Figo has won just about every honour available to him at club level and was named FIFA World Player of the Year in 2001.

He has won more than 100 caps and has done more as an ambassador for Portuguese football than any player since the great Eusebio. This will be his last, and best, chance to claim the major title that has always eluded him and his country.

Figo has sent out mixed signals about his plans post-Euro 2004 but the point remains that if Portugal do not win on their own soil in front of their own fans, there is little chance of them winning anything else until the next golden generation comes along.

Born on the industrial south bank of the River Tagus facing Lisbon in 1972, Figo began playing with Sporting, helped Portugal to the World Youth Championship in 1991 and moved to Barcelona in 1995.

After five brilliant years at the Nou Camp, where he matured into arguably Europe's most destructive forward, he moved to Real Madrid in a controversial deal in 2000 for what was then a world record fee of $56 million.

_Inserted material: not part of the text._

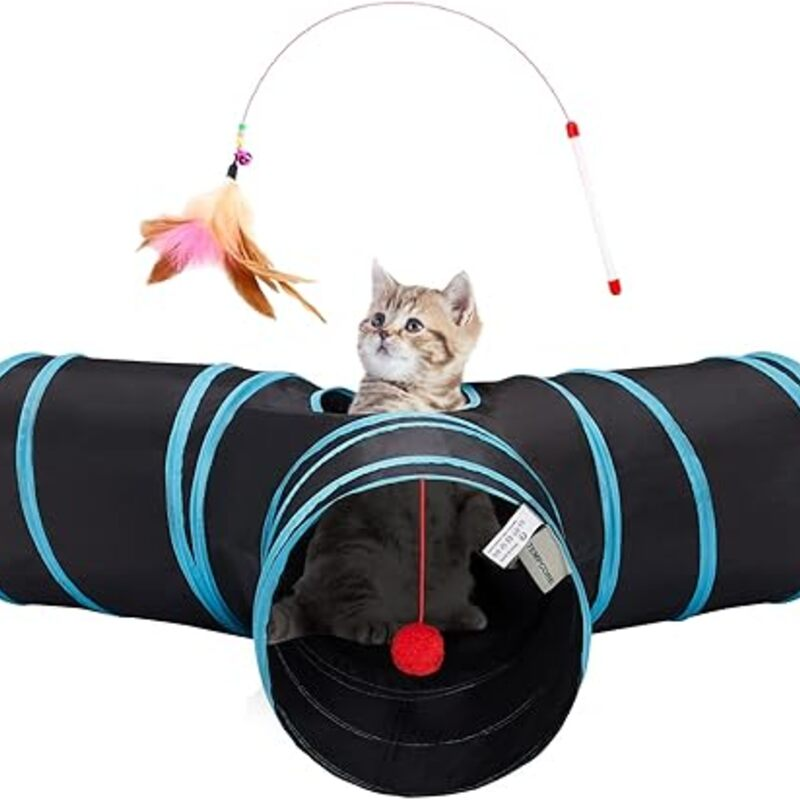 Tempcore Pet Cat Tunnel Tube Cat Toys 3 Way Collapsible,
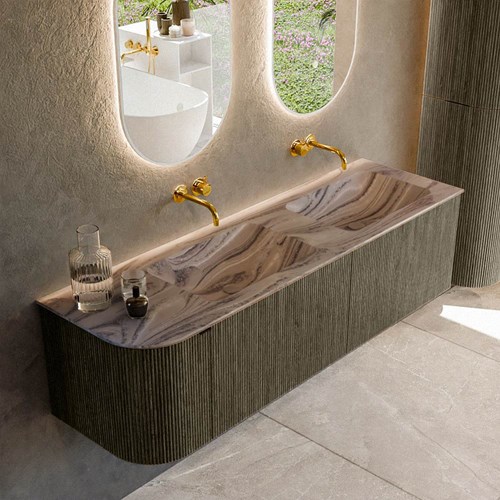 KURVE-DLUX 155cm mueble de baño curva Izquierda color Shadow con 2 cajones y 1 puerta. Lavabo LEAF Doble / Derecho sin orificio Sombra.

Shortly before the move to Real, he had strengthened his reputation with an inspirational performance in Portugal's run to the semi-finals at Euro 2000.

Figo went on to help Real Madrid to the league title in his first season and the Champions League the following year and also drove Portugal through a great qualifying campaign for the 2002 World Cup.

By the time the squad flew to South Korea, however, he was recovering from injury and lacked his usual speed and strength on the ball.

Portugal paid the price as they were outplayed by the United States and failed to get through the first round.

Figo's spark seemed to be missing for much of last season, too, but this year he has re-emerged as one of the most effective forwards in Spain.

He no longer possesses the stunning change of pace but he retains an exquisite touch and has developed a street-wise determination that contributes countless free kicks to the Real cause.
"Real Madrid need the sort of player I am now," he explained. "Instead of spending 80 minutes doing nothing, and then providing one goal or an assist, I work throughout the game."

That mix of sublime skill and a willingness to get his elbows and knees dirty for the cause won him warm applause on the night of his 100th appearance for Portugal against England in February - and may yet have the fans cheering even louder in Lisbon next month.